Samsun’un Bafra ilçesinde Türk Eğitim-Sen, Eğitim-Sen ve Eğitim-İş Sendikalarına üye öğretmen ve eğitim çalışanları bir günlük iş bırakma eylemi yaptı. Bafra ilçe Milli eğitim Müdürlüğü önünde toplanarak siyah çelenk bırakan eğitim çalışanları slogan atarak basın açıklamasında bulundular.

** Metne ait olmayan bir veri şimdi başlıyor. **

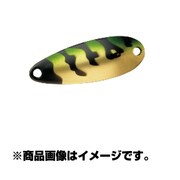 877176 [クルセイダー 2.5g 25mm グリーンGタイガー]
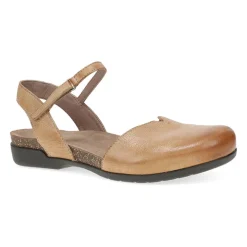 Rowan Closed Toe Sandal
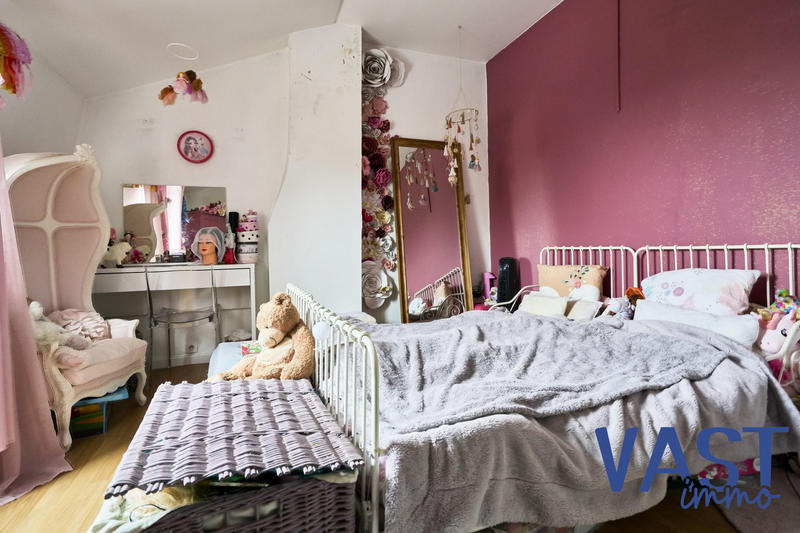 Maison - 135 m² - 5 pièces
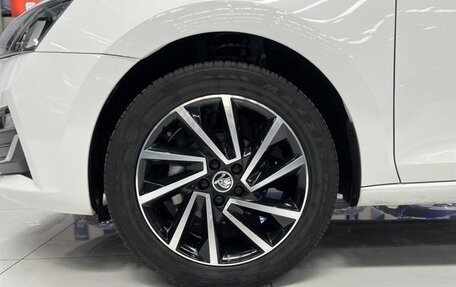Skoda Rapid II, 2022 год, 1 200 000 рублей, 8 фотография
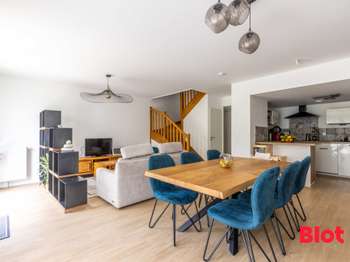 Vente appartement 5 pièces Rennes La Courrouze 35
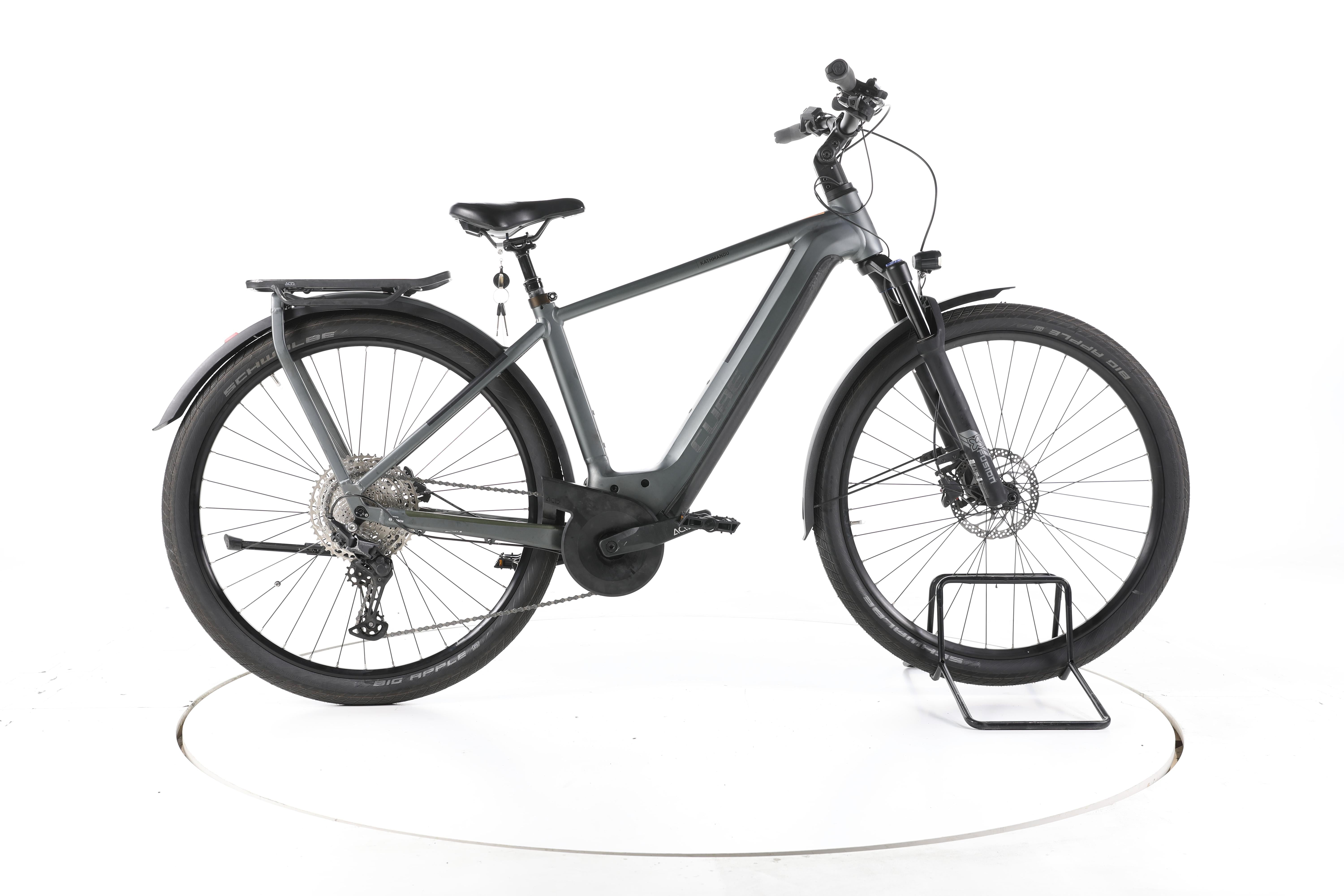 Cube KATHMANDU HYBRID, PRO 750 2024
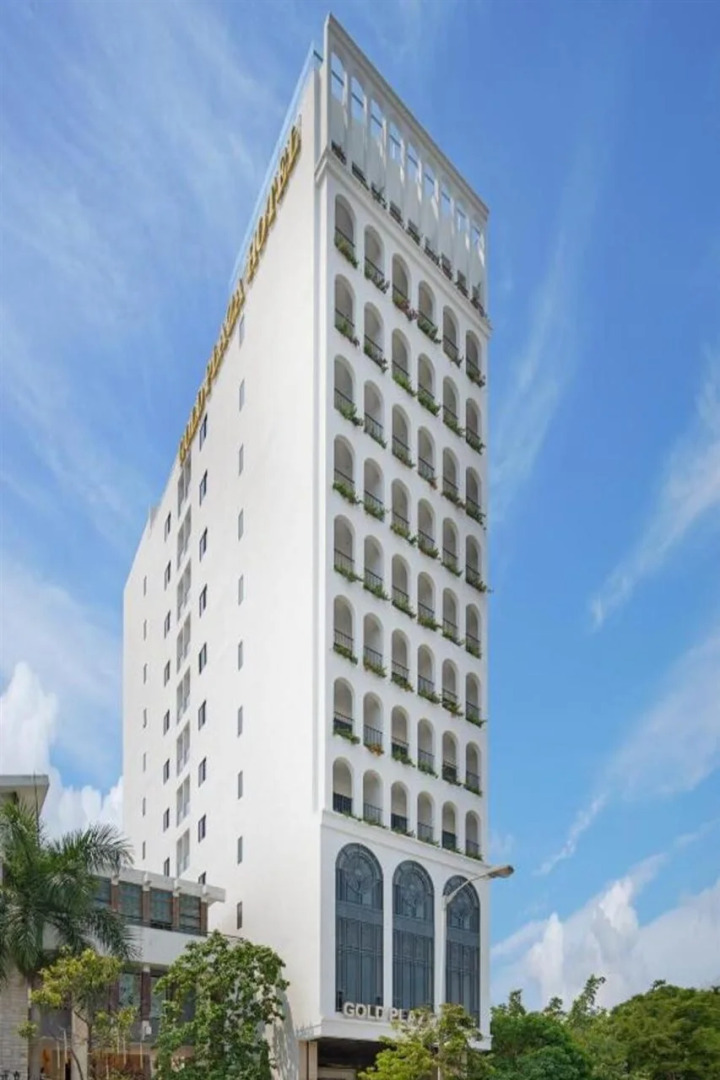 Gold Plaza Hotel Da Nang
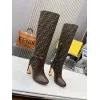 Fendi shoes for Fendi Boot for women #A56707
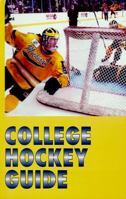 College Hockey Guide Men's Edition 2000 1880941082 Book Cover
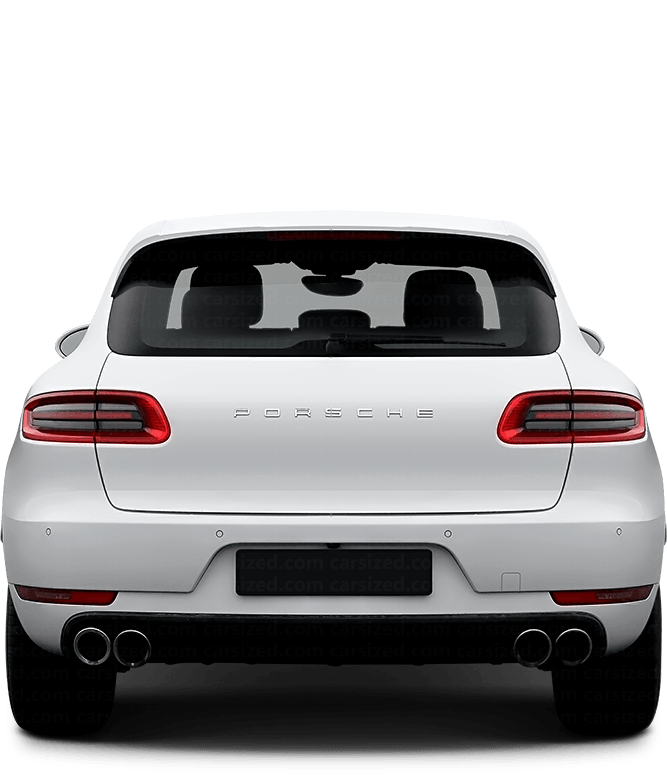 Porsche Macan SUV 2014-2018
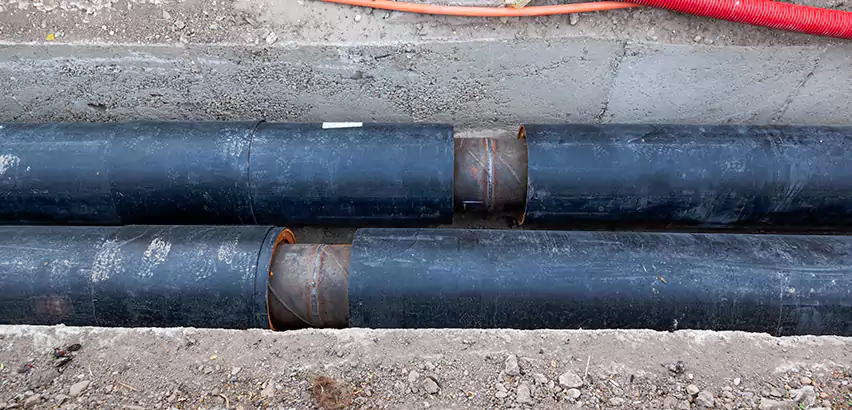 Trenchless Water Line Repair in Makakilo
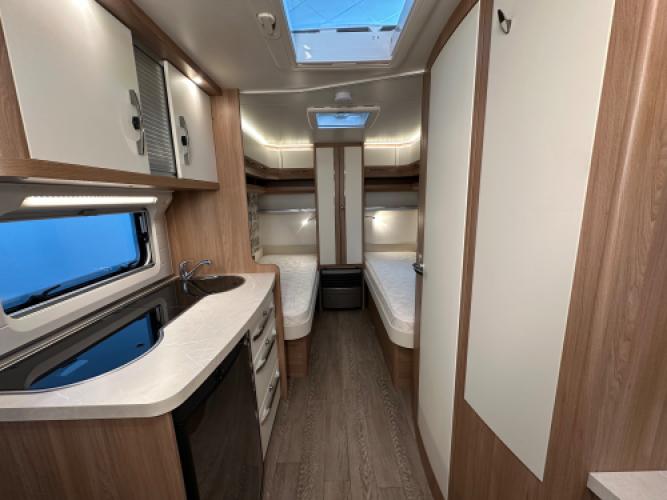 Hobby De Luxe 460 UL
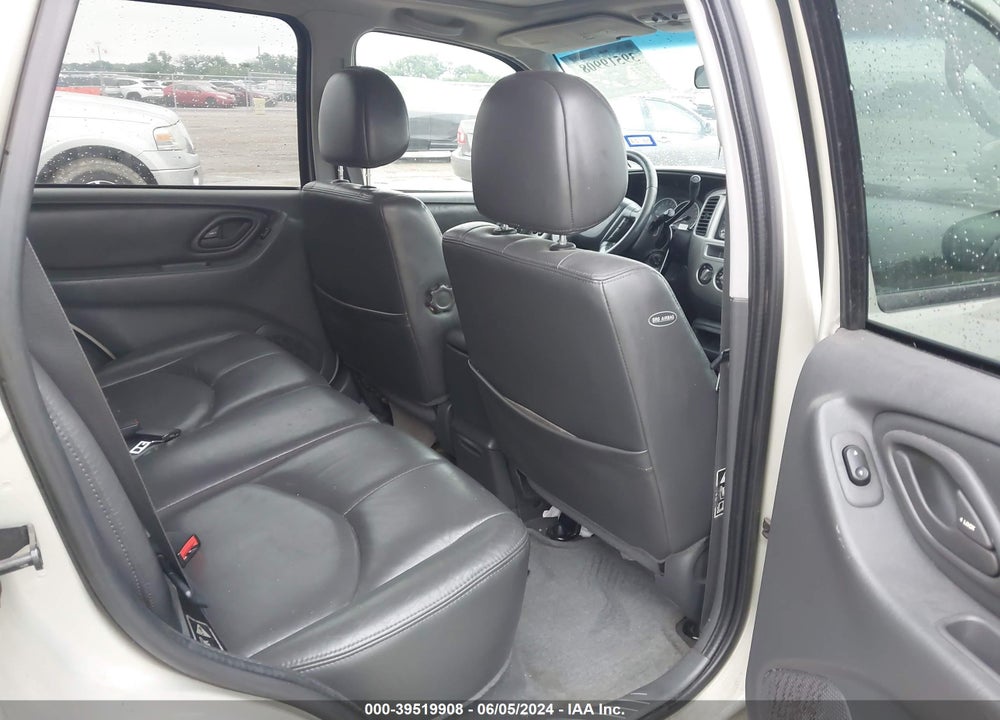 2003 MAZDA TRIBUTE ES V6 VIN: 4F2CZ96153KM51523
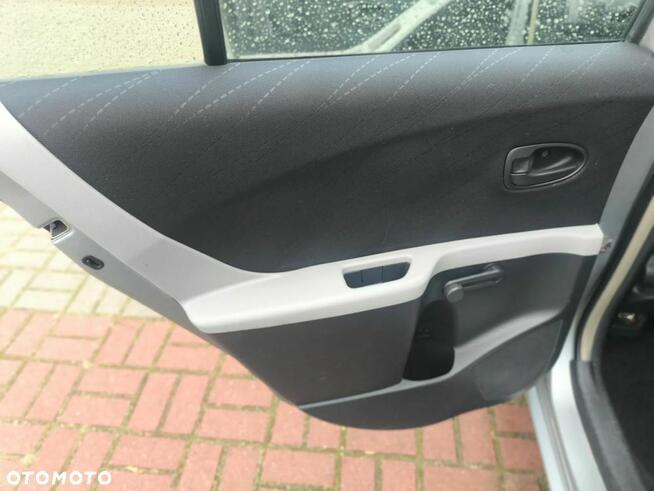 Toyota Yaris 1.4 D-4D Luna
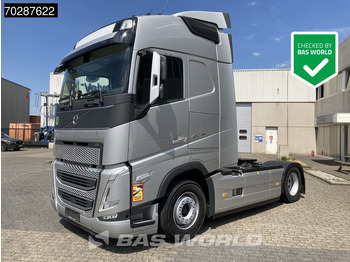 Sadulveok VOLVO FH 460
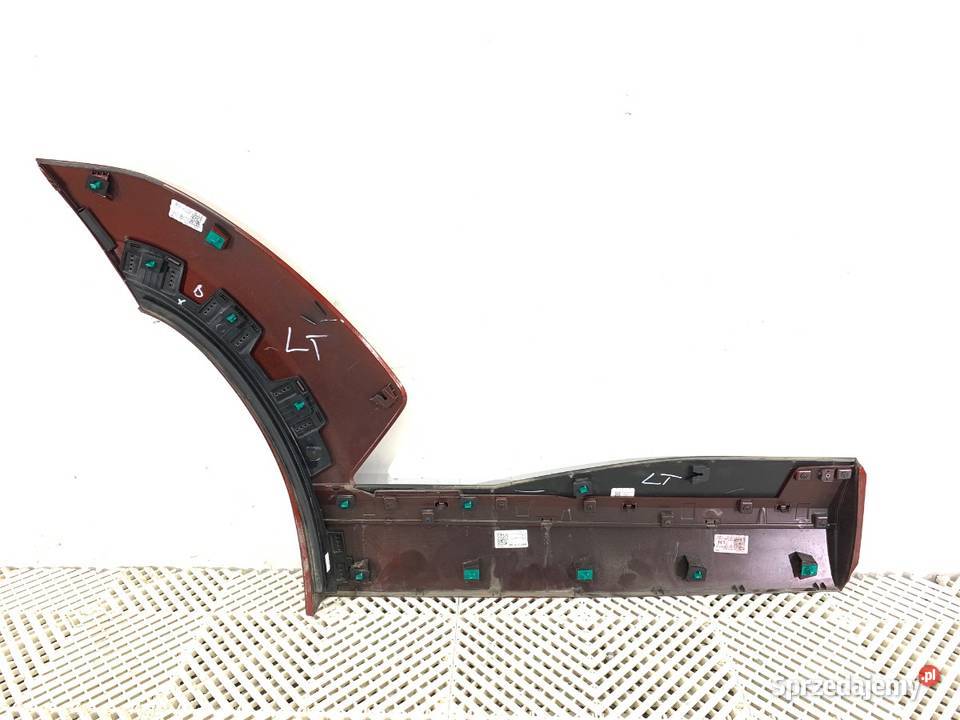 LISTWA DRZWI LEWY TYŁ HYUNDAI KONA SX2 SUV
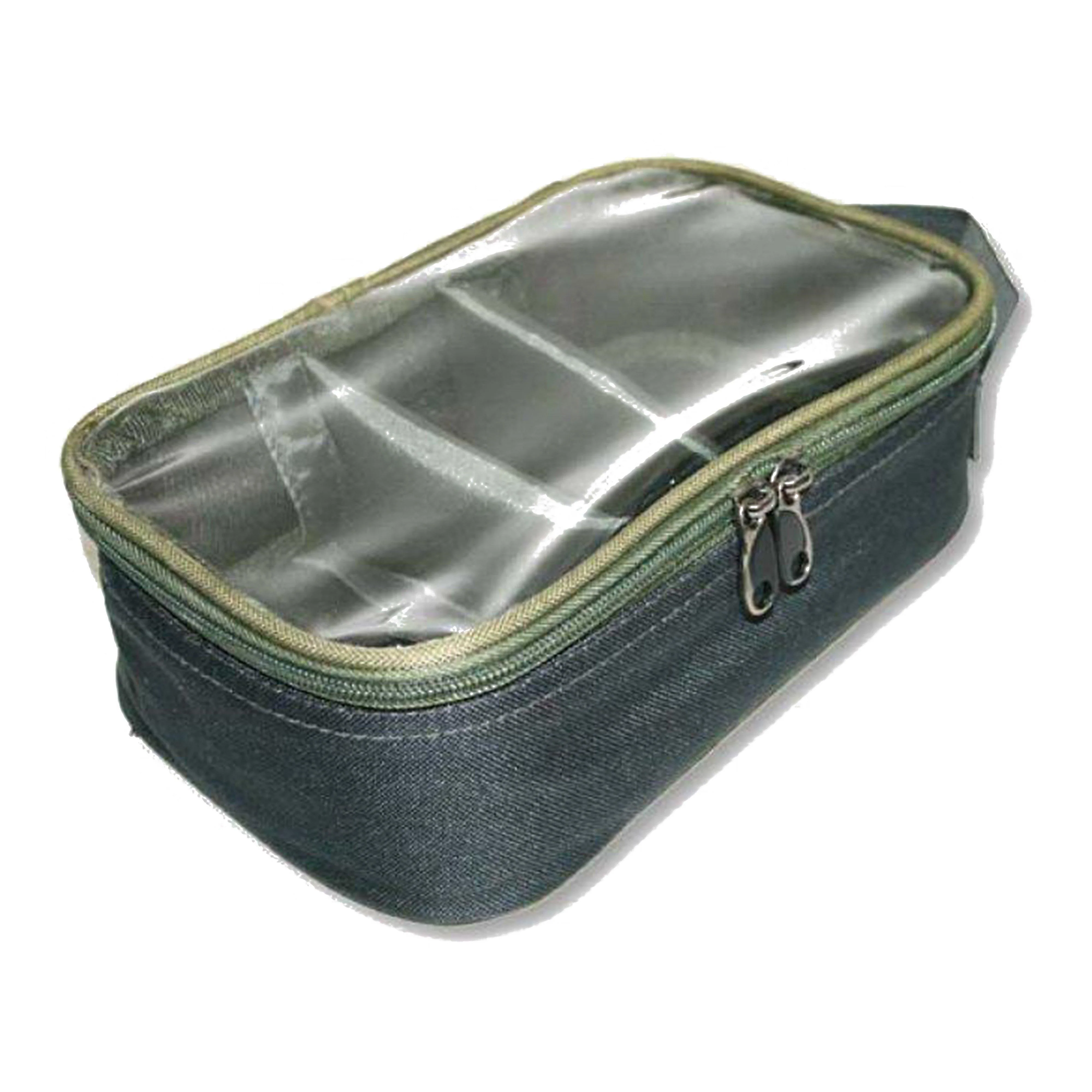3 Way Clear Tp Lead Bag - Image 3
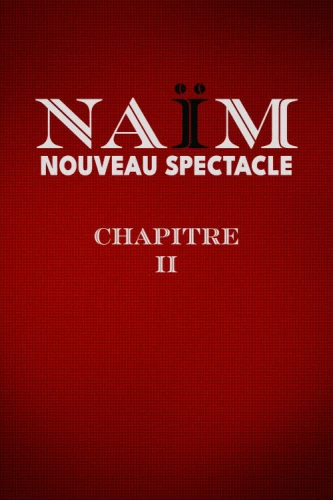 Spectacle : Naïm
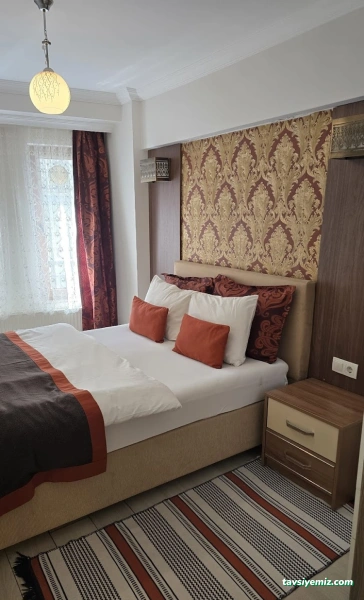 Class Suit Residence /Canakkale Günlük Kiralık Daire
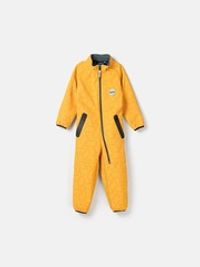 Комбинезон Softshell демисезонный "Горчица"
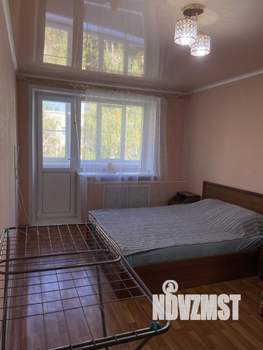 3-к квартира, вторичка, 63м2, 5/5 этаж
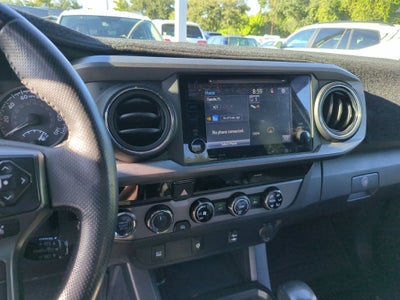 2018 Toyota Tacoma TRD Off-Road V6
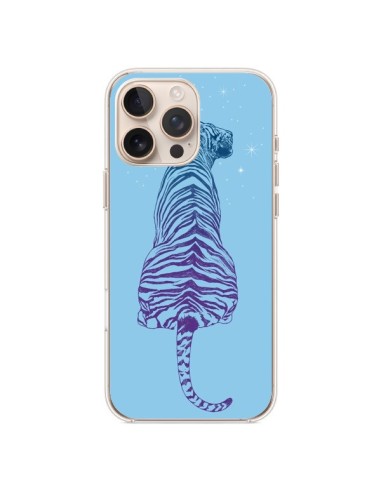 Coque iPhone 16 Pro Max Tiger Tigre Jungle - Rachel Caldwell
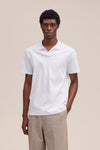 NN.07 Paul 3525 Polo Organic Cotton White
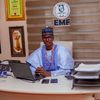 Dr Abba Kyari ❄️
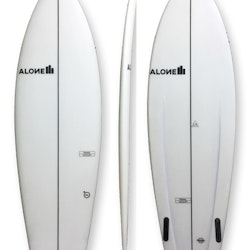 Alone Surfboards Twinny 5’10” PU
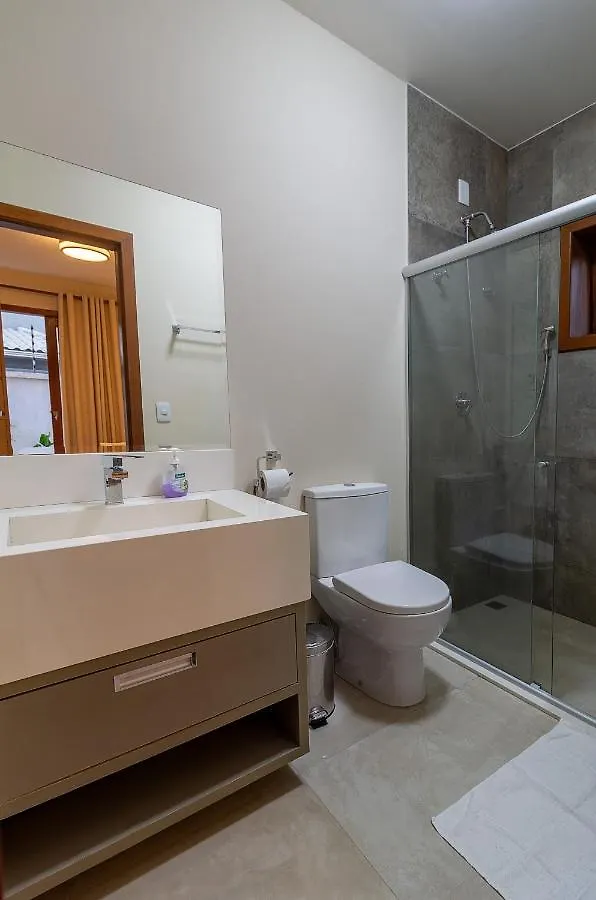 Villa Beijupira Guesthouse Porto Seguro Brazil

EĞİTİM 24.09.2014, 14:45 27.09.2014, 00:17 H. Eren
Bafra'da Öğretmenler İş Bırakma Eyleminde

Samsun’un Bafra ilçesinde Türk Eğitim-Sen, Eğitim-Sen ve Eğitim-İş Sendikalarına üye öğretmen ve eğitim çalışanları bir günlük iş bırakma eylemi yaptı. Bafra ilçe Milli eğitim Müdürlüğü önünde toplanarak siyah çelenk bırakan eğitim çalışanları slogan atarak basın açıklamasında bulundular.

 

İlçe Emniyet Müdürlüğü ekiplerinin güvenlik tedbiri aldığı eylemde Türk Eğitim-Sen Bafra ilçe Başkanı İbrahim Akekmekçi, Eğitim-Sen Bafra İlçe temsilcisi Tacettin Koca ve Eğitim-İş Bafra ilçe temsilcisi Atakan Şen ayrı ayrı birer konuşma yaparak toplanan kalabalığa hitap ettiler.

 

Açılış konuşmasını Türk Eğitim-Sen Bafra İlçe Başkanı İbrahim Akekmekçi yaptığı basın açıklamasında şu ifadeleri kullandı;

 

“Zulmü alkışlayamam, zalimi asla sevemem;

 

Gelenin keyfi için geçmişe kalkıp sövemem. !

 

Kanayan bir yara gördüm mü yanar ta ciğerim,

 

Onu dindirmek için kamçı yerim, çifte yerim!

 

Adam aldırmada geç git, diyemem aldırırım.

 

Çiğnerim, çiğnenirim, hakkı tutar kaldırırım!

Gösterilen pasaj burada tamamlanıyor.